# Chapter 8 - Section 8.5 - Polynomial and Rational Inequalities - Exercise Set - Page 649: 10

$$(-∞, -1] ∪ [3,+∞)$$ Let $x^2 - 2x -3 \geq 0$ be a function $f$. Find the $x$-intercepts by solving $x^2 - 2x -3=0$ Factor: $x^2 - 2x -3$ = $(x-3)(x+1)$ $x-3=0$ or $x+1=0$ $x = 3$ or $x = -1$ These x-intercepts serve as boundary points that separate the number line into intervals.
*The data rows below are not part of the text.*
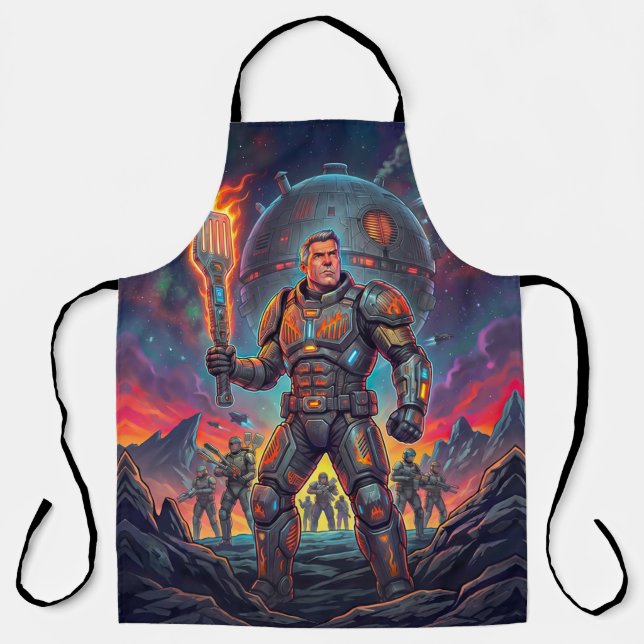 Retro Sci Fi Comic Galactic Grill Master Funny BBQ Schürze (Vorderseite)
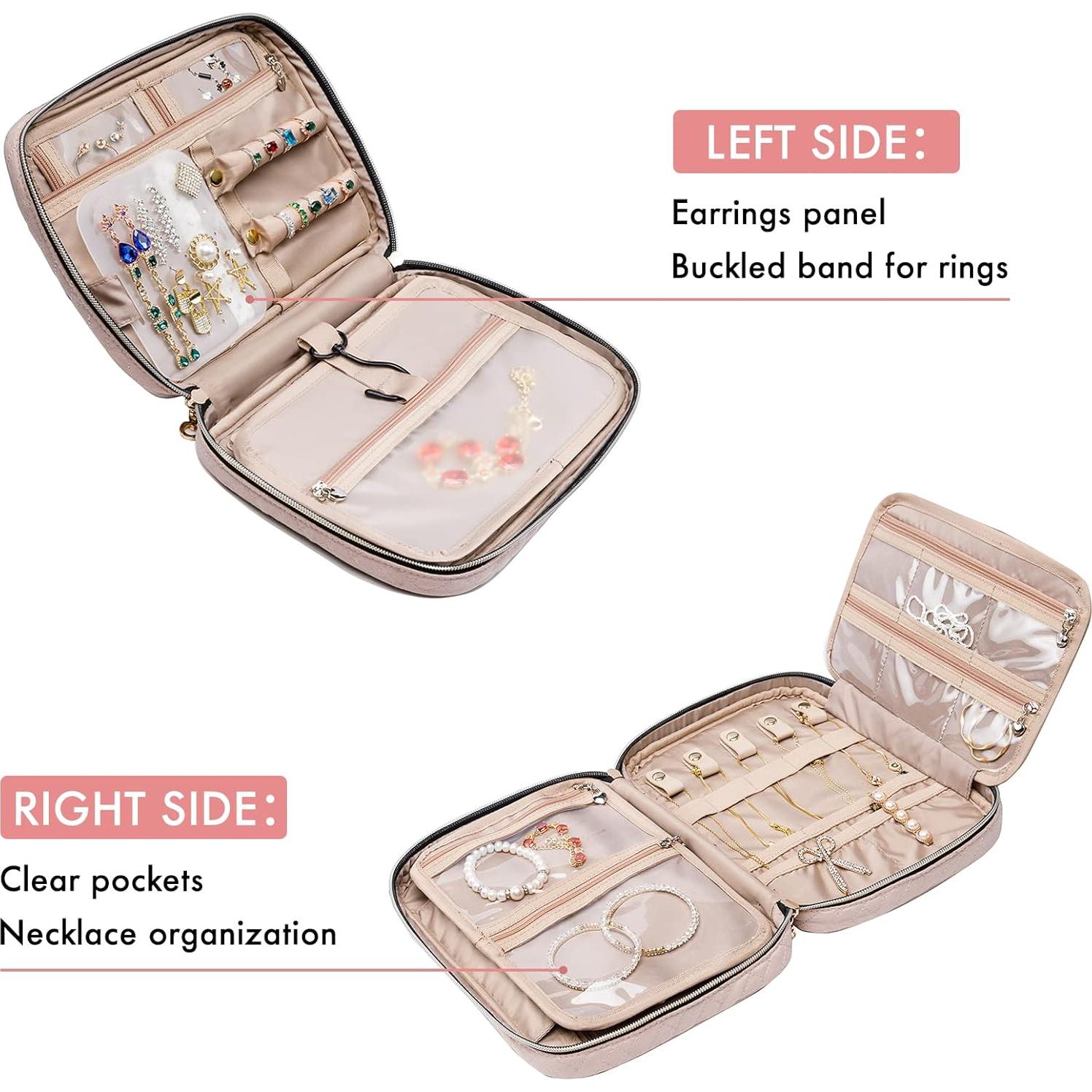 Organizador de Joyería SFYBYHEART Rosa Gran Capacidad 25.4x17.8cm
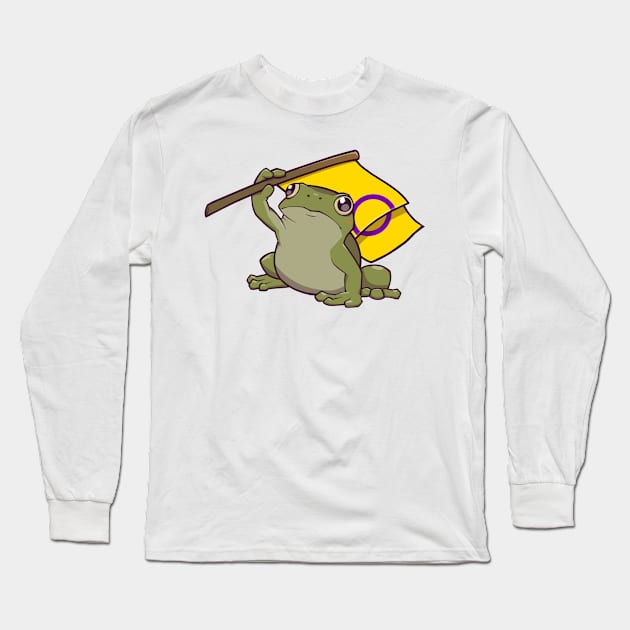 Intersex Pride Flag-Holding Frog Long Sleeve T-Shirt by saltuurn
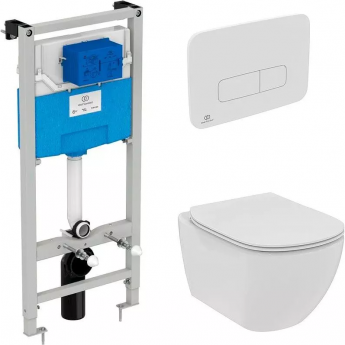 Инсталляция IDEAL STANDARD с подвесным безободковым унитазом Tesi Rimless TT00003/459AW Инсталляция IDEAL STANDARD с подвесным безободковым унитазом Tesi Rimless TT00003/459AW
The boundary points of this equation therefore divide the number line into three intervals: $(-∞, -1)(-1,3)(3, +∞)$ Choose one test value within each interval and evaluate $f$ at that number. $(-∞, -1)$ Test Value = $-2$ $f=(x-3)(x+1)$ $f=(-2-3)(-2+1)$ $f=5$ Conclusion: $f (x) > 0$ for all $x$ in $(-∞, -1)$. $(-1,3)$ Test Value = $0$ $f=(x-3)(x+1)$ $f=(0-3)(0+1)$ $f=-3$ Conclusion: $f (x) < 0$ for all $x$ in $(-1,3)$. $(3,+∞)$ Test Value = $4$ $f=(x-3)(x+1)$ $f=(4-3)(4+1)$ $f=5$ Conclusion: $f (x) > 0$ for all $x$ in $(3,+∞)$. Write the solution set, selecting the interval or intervals that satisfy the given inequality. We are interested in solving $f (x) \geq 0$, where $f (x) = x^2 - 2x -3$. Based on the solution above, $f(x)\gt 0$ for all $x$ in $(-∞, -1)$ or $(3, +∞)$. However, because the inequality involves $\geq$ (greater than or equal to), we must also include the solutions of $x^2 - 2x -3 = 0$, namely $3$ and $-1$, in the solution set. Thus, the solution set of the given inequality is: $$(-∞, -1] ∪ [3,+∞)$$